Teilweise bezieht das Restaurant die Lebensmittel als Spenden, größtenteils aber holt das Team Waren, die sonst in der Tonne gelandet wären, direkt am Supermarkt ab. Nimmt das Restaurant nicht anderen was weg, der "Tafel" zum Beispiel? "Es bleibt so viel übrig, dass es die Organisationen und Vereine gar nicht schaffen, jeden Tag bei allen Märkten vorbei zu fahren", sagt Jenny Rook von "denn’s Biomarkt", einer der Kooperationspartner. Sie koordiniert die Abholer und achtet darauf, dass die Reste jeden Tag einen Abnehmer finden und gleichzeitig niemand zu kurz kommt.

(Bild: Fabian Brennecke)

Immer dienstags und freitags ist das Team vom "Restlos Glücklich" dran, mit einem Lastenfahrrad holen sie etwa fünf Paletten ab. Sie seien überrascht gewesen, wie viele Produkte keinen Käufer mehr finden, sagt Leoni Beckmann, die Vorsitzende des Vereins. Weine, deren Etiketten krumm aufgeklebt sind, Chips, deren Mindesthaltbarkeitsdatum abgelaufen ist, Obst und Gemüse, das beim Transport Dellen erhielt. Und Brot. Jede Menge Brot.
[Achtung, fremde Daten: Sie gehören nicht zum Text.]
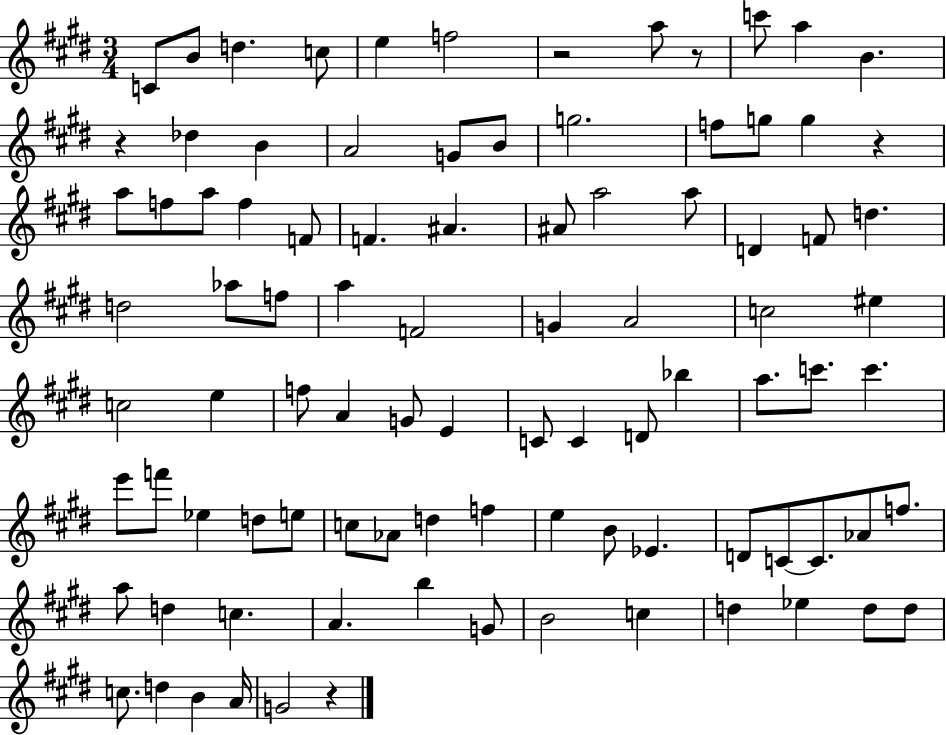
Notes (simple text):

C4/e B4/e D5/q. C5/e E5/q F5/h R/h A5/e R/e C6/e A5/q B4/q. R/q Db5/q B4/q A4/h G4/e B4/e G5/h. F5/e G5/e G5/q R/q A5/e F5/e A5/e F5/q F4/e F4/q. A#4/q. A#4/e A5/h A5/e D4/q F4/e D5/q. D5/h Ab5/e F5/e A5/q F4/h G4/q A4/h C5/h EIS5/q C5/h E5/q F5/e A4/q G4/e E4/q C4/e C4/q D4/e Bb5/q A5/e. C6/e. C6/q. E6/e F6/e Eb5/q D5/e E5/e C5/e Ab4/e D5/q F5/q E5/q B4/e Eb4/q. D4/e C4/e C4/e. Ab4/e F5/e. A5/e D5/q C5/q. A4/q. B5/q G4/e B4/h C5/q D5/q Eb5/q D5/e D5/e C5/e. D5/q B4/q A4/s G4/h R/q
"Brotmuffins", sagt der ehemalige Gourmet-Koch Daniel Roick, "sind sehr beliebt bei unseren Gästen". Heute kocht er mit Resten spontan, denn welche Lebensmittel er zur Verfügung hat, erfahre er immer erst ein paar Stunden, bevor die Gäste kommen. In der Sterne-Gastronomie hatte er noch ganz anders gearbeitet: "Aus einem Gemüse hat man oft nur wenige, kleine Würfel geschnippelt, fast die Hälfte landete im Abfall."

(Bild: Fabian Brennecke)

Heute steht ein Radieschen-Birnen-Ragout mit Sesam-Linsen-Bällchen auf der Speisekarte. Das Mittagsgericht kostet fünf bis acht Euro, ein Drei-Gänge-Menü am Wochenende um die 20 Euro. Die Speisen sind kunstvoll angerichtet, die Portionen eher sparsam.
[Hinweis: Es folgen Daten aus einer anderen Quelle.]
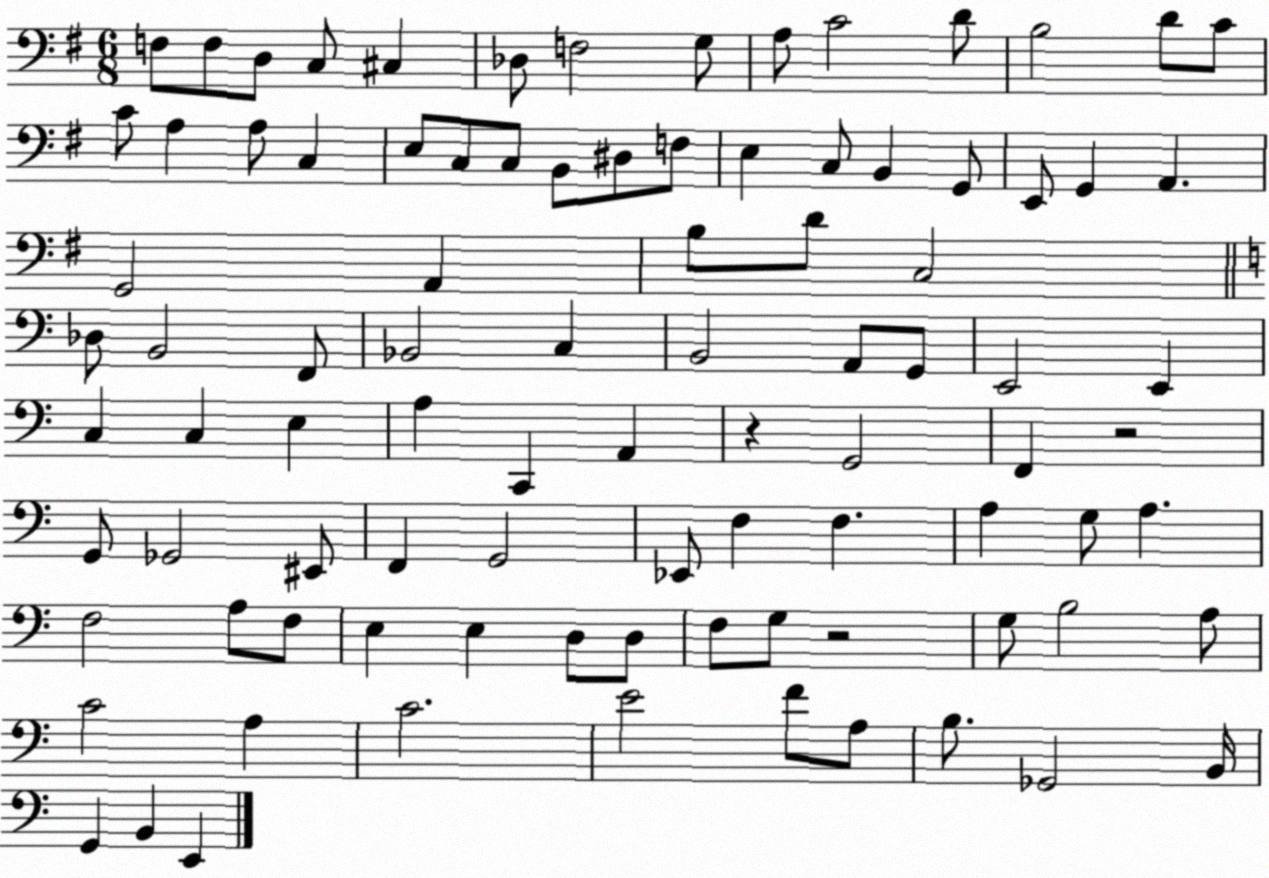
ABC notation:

X:1
T:Untitled
M:6/8
L:1/4
K:G
F,/2 F,/2 D,/2 C,/2 ^C, _D,/2 F,2 G,/2 A,/2 C2 D/2 B,2 D/2 C/2 C/2 A, A,/2 C, E,/2 C,/2 C,/2 B,,/2 ^D,/2 F,/2 E, C,/2 B,, G,,/2 E,,/2 G,, A,, G,,2 A,, B,/2 D/2 C,2 _D,/2 B,,2 F,,/2 _B,,2 C, B,,2 A,,/2 G,,/2 E,,2 E,, C, C, E, A, C,, A,, z G,,2 F,, z2 G,,/2 _G,,2 ^E,,/2 F,, G,,2 _E,,/2 F, F, A, G,/2 A, F,2 A,/2 F,/2 E, E, D,/2 D,/2 F,/2 G,/2 z2 G,/2 B,2 A,/2 C2 A, C2 E2 F/2 A,/2 B,/2 _G,,2 B,,/4 G,, B,, E,,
Gegessen wird im typischen Szenelokal-Ambiente: Unverputzte Wände, bunt gemischte Holzmöbel, Glühbirnen statt schicker Lampen, etwa 30 Gäste finden hier Platz. Bei den Gästen kommt das nachhaltige Schlemmen aber offensichtlich an: "Während unserer Test-Öffnungsphase im Frühjahr hatten wir so viele Reservierungen, dass wir mehr als 300 Anfragen absagen mussten", sagt Anette Keuchel. Die meisten kämen aus dem Kiez, viele sind selbst Konsumkritiker und Lebensmittelretter.

(Bild: Fabian Brennecke)

Ohne diese Idealisten könnte das "Restlos Glücklich" nicht bestehen: Das Konzept baut auf Ehrenamtliche. Nur drei Angestellte hat das Restaurant – Geschäftsführerin Lena, Lokalleiter Ole und Koch Daniel. Daneben helfen aktuell rund 60 Freiwillige aus – zum Beispiel als Küchenhilfen und Kellner. Einen Großteil der Einnahmen investieren Keuchel und ihr Team in Bildungsprojekte, zukünftig will der Verein über Ernährung informieren.
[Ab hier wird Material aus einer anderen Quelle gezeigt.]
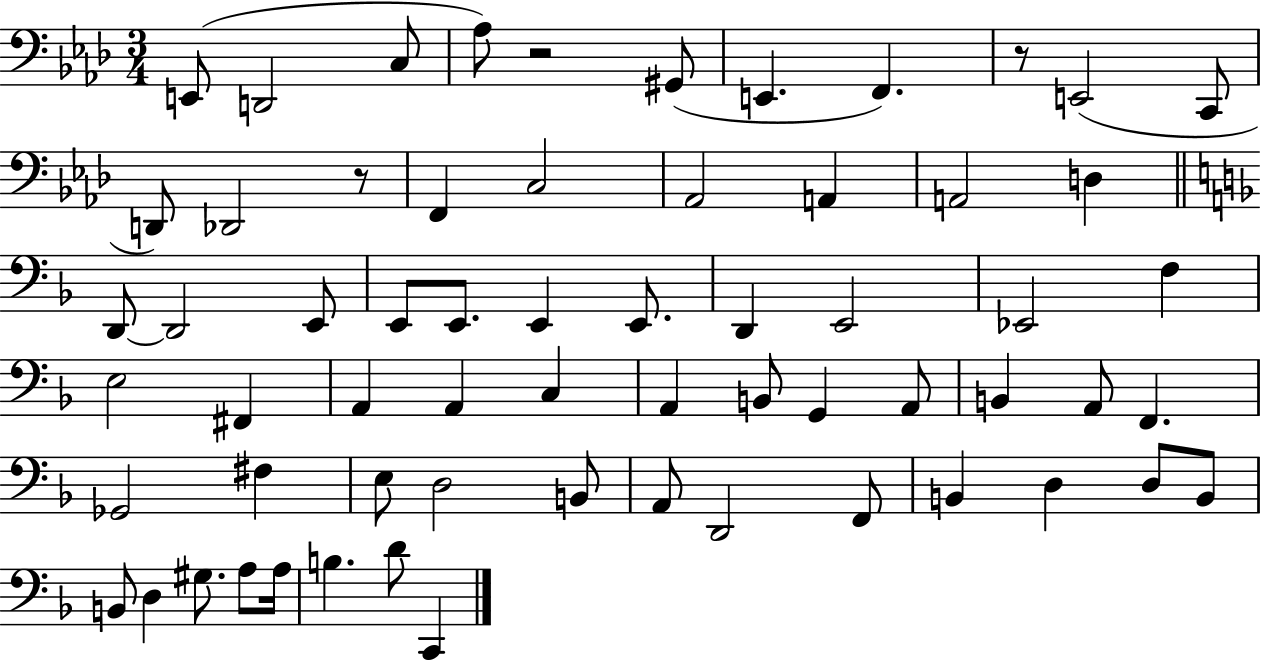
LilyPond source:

In der Küche dekoriert Daniel jetzt Gurkenscheiben mit Bergkäsecreme-Häubchen. Aus der krummen, unverkäuflichen Salatgurke ist ein Appetizer geworden. Statt in der Tonne zu verrotten, findet sie ihr Ende als kunstvoll verziertes, leckeres Häppchen im Gaumen eines hippen Großstadt-Ökos.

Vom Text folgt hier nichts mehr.